Due to subpar quality, taste, color and overall appearance of imported tomatoes and onions in comparison to the locally produced, people were seen limiting their tomato needs, in addition to the majority’s unaffordability at price of Rs200 per kg.

Contrastingly, consumers did pay Rs400 per kg for tomato in Novem­ber 2019 despite allowing imports from Iran to curb soaring prices.

Falahi Anjuman Wholesale Vegetable Market President Haji Shahjehan has said that prices may remain under pressure until Sindh’s onion crop would start arriving in late October and would reach its peak in November and December while tomato crop from various areas of Sindh in limited quantities would start arriving from third week of October.

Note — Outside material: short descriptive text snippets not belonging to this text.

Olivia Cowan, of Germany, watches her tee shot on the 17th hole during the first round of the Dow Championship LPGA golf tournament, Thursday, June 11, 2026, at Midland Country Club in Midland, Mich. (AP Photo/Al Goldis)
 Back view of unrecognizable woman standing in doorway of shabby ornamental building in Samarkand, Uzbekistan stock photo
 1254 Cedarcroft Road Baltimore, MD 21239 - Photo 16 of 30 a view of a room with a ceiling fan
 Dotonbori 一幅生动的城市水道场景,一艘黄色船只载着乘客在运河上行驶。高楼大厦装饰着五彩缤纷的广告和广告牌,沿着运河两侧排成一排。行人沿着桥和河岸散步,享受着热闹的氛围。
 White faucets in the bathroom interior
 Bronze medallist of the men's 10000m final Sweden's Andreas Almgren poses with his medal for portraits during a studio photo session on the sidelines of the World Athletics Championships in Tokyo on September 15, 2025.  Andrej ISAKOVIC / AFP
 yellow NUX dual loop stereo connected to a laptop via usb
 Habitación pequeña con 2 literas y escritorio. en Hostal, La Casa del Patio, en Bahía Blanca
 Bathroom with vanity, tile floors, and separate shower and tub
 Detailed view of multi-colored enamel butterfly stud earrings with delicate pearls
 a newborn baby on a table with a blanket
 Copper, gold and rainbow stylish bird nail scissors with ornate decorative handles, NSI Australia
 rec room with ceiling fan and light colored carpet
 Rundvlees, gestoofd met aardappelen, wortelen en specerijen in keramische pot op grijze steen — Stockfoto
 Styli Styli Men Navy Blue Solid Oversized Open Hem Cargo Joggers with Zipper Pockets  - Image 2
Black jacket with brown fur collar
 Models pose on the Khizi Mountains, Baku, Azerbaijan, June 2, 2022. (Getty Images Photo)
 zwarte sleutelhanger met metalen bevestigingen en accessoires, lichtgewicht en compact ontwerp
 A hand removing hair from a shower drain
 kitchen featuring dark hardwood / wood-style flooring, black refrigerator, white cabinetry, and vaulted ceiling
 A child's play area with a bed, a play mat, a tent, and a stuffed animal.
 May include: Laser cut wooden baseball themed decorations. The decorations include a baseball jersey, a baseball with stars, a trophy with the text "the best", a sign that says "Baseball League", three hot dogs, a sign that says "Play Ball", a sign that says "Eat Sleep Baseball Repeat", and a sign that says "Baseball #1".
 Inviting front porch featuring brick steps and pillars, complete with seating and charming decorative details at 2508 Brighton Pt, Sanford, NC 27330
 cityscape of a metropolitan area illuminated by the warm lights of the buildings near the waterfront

Meanwhile in Islamabad, the National Price Monitoring Committee (NPMC) on Monday held a meeting to identify reasons for abnormal variation in prices of onions, tomatoes, potatoes as well as other essential items like sugar, wheat and chicken.

Headed by Special Secretary Mohsin Mushtaq Chandna, the meeting went over multiple proposals to tame prices and was attended by representatives from provincial governments and various divisions.

The meeting observed that an upward trend was witnessed in prices of perishable commodities during September-October. The major reason cited for this was unprecedented rainfall, which adversely affected the local produce.

The price hike is said to stabilise by November onward when local production would be available in the markets. It was also observed with concern that the difference between wholesale and retail prices of the essential commodities is becoming a serious challenge for provinces.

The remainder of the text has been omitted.